╭─ Records supplied

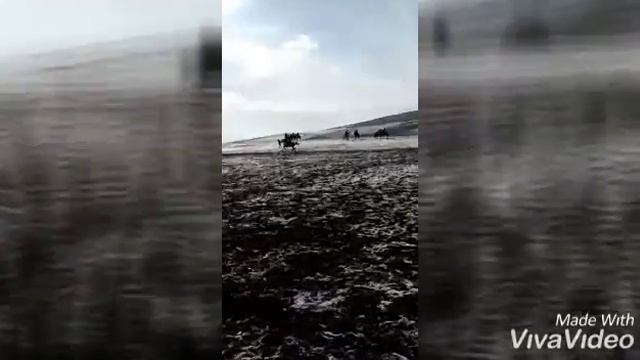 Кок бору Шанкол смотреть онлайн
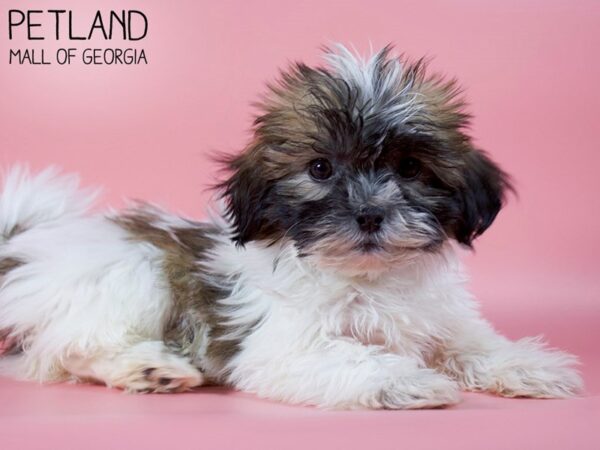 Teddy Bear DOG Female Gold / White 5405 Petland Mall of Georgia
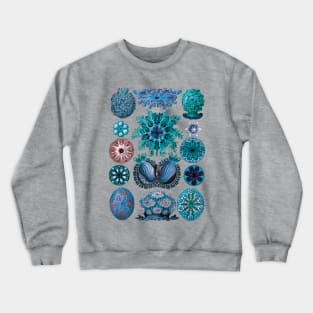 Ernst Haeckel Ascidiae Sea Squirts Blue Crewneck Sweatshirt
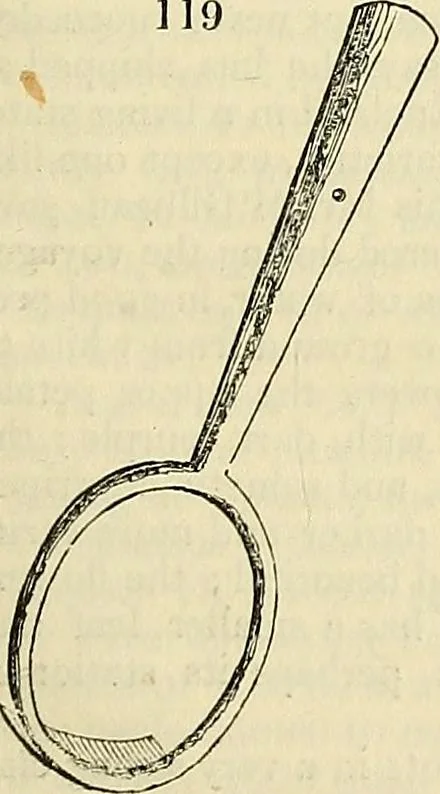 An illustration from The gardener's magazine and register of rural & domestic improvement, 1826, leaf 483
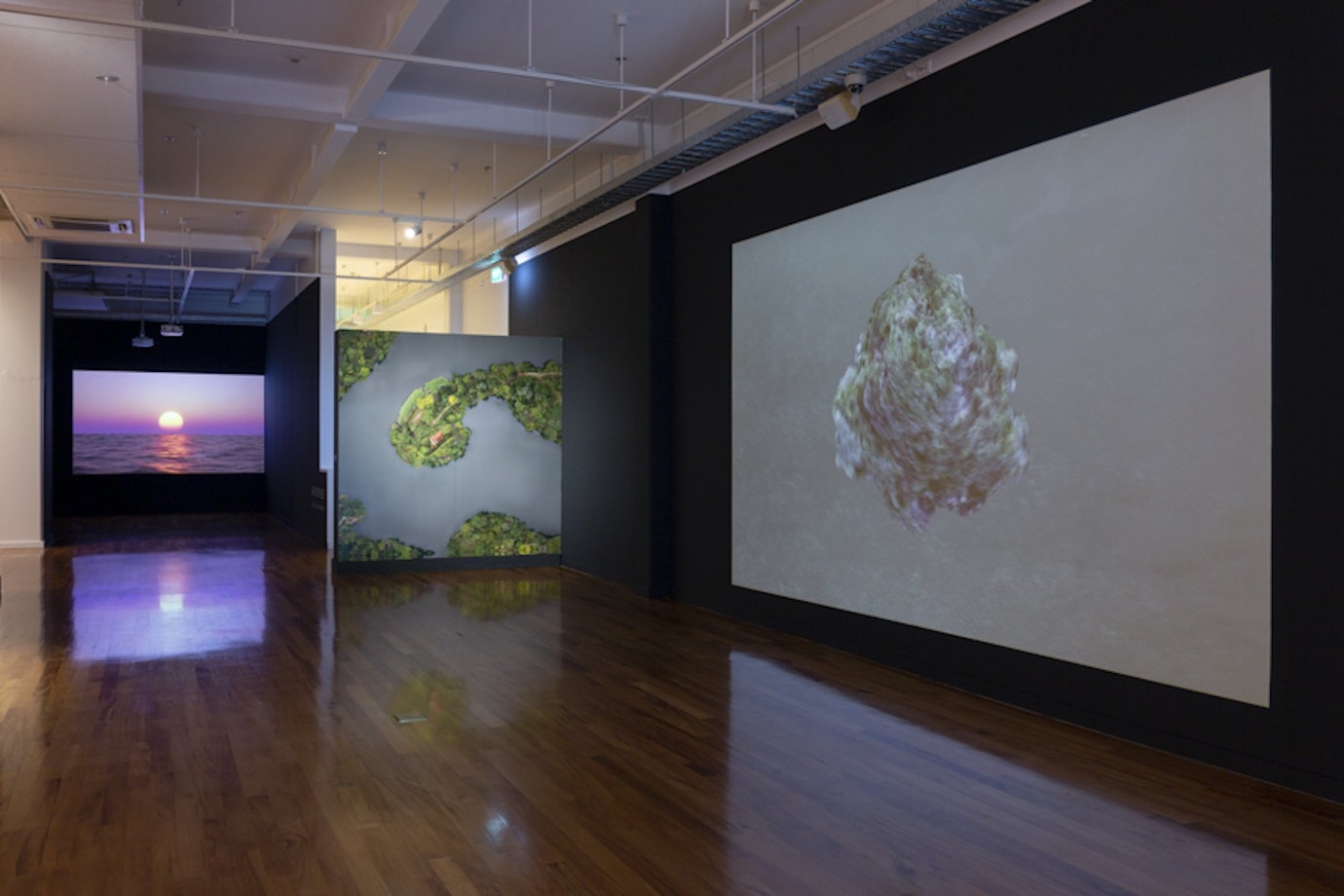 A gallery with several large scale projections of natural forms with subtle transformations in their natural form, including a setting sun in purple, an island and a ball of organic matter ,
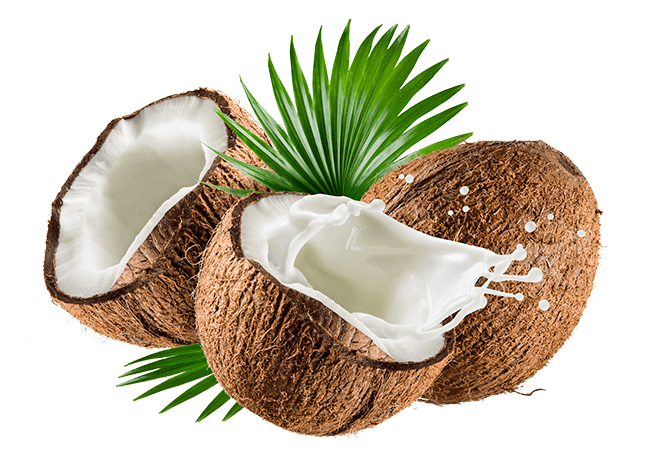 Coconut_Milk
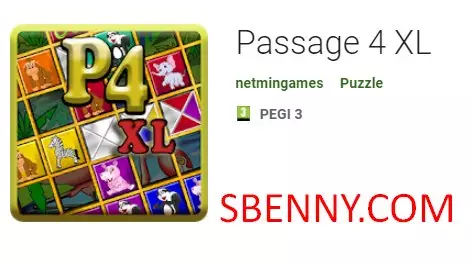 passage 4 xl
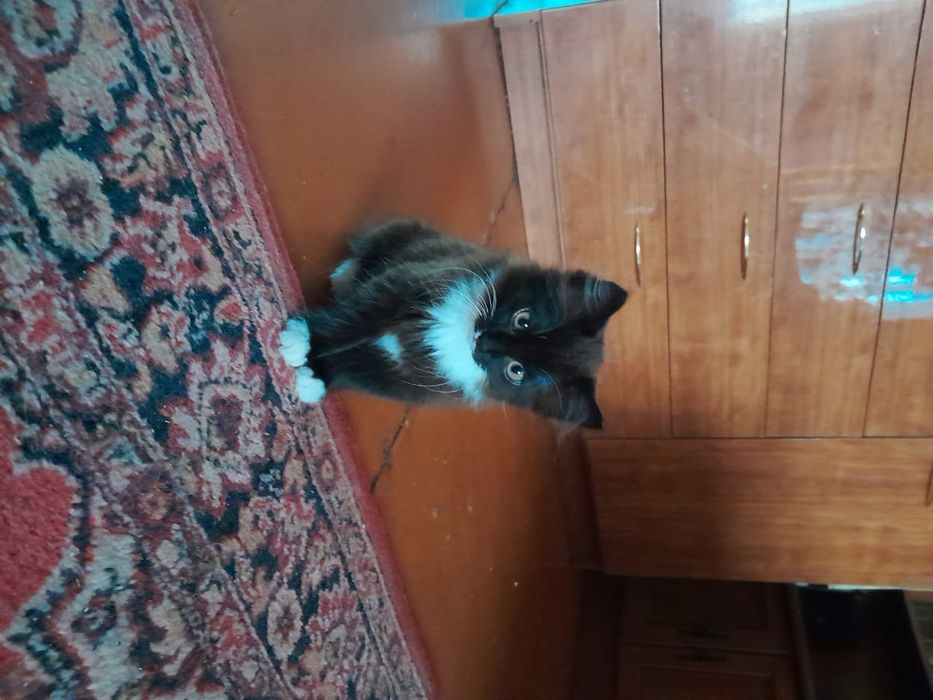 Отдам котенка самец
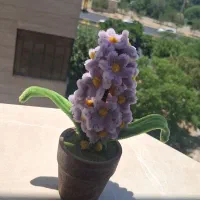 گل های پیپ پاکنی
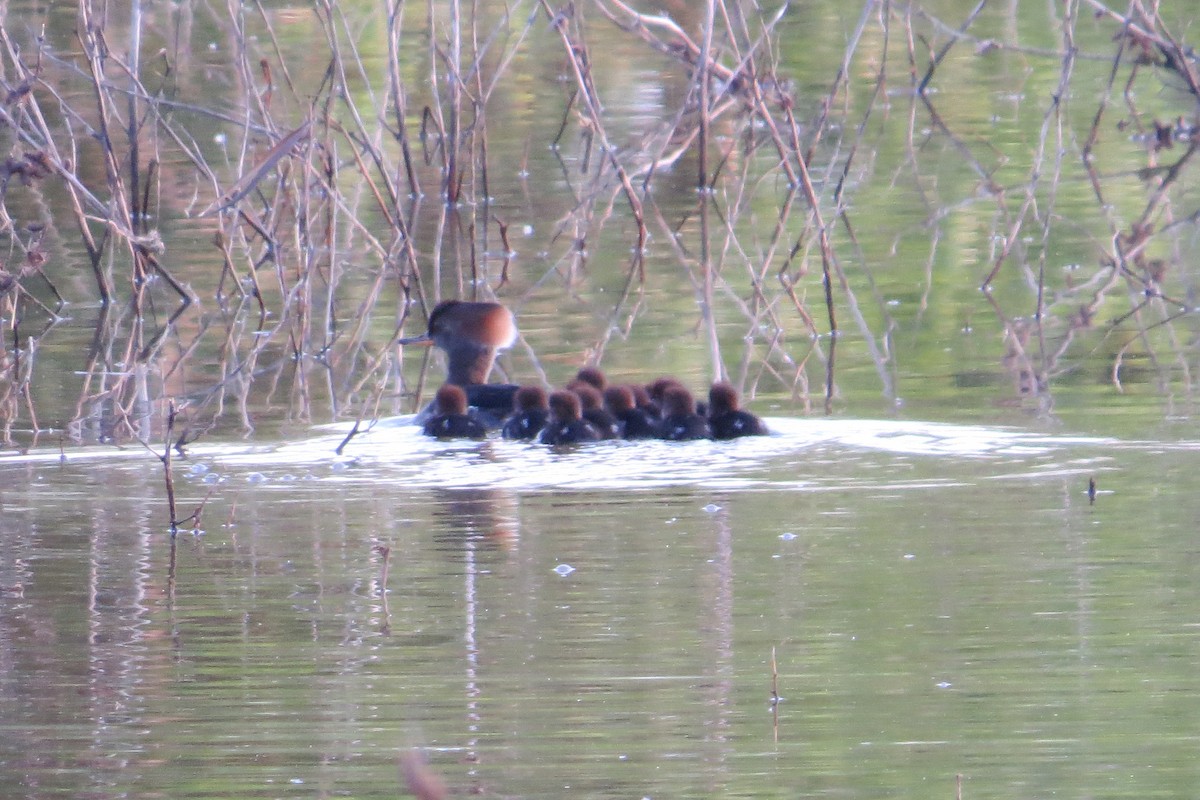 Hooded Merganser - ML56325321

╰─

Exactly as written, restate the lines from the one that contains "A gallery with" through the final line of the data, both ends included, but leave out the pictures.

*Solution for this exercise*.
 A gallery with several large scale projections of natural forms with subtle transformations in their natural form, including a setting sun in purple, an island and a ball of organic matter ,
 Coconut_Milk
 passage 4 xl
 Отдам котенка самец
 گل های پیپ پاکنی
 Hooded Merganser - ML56325321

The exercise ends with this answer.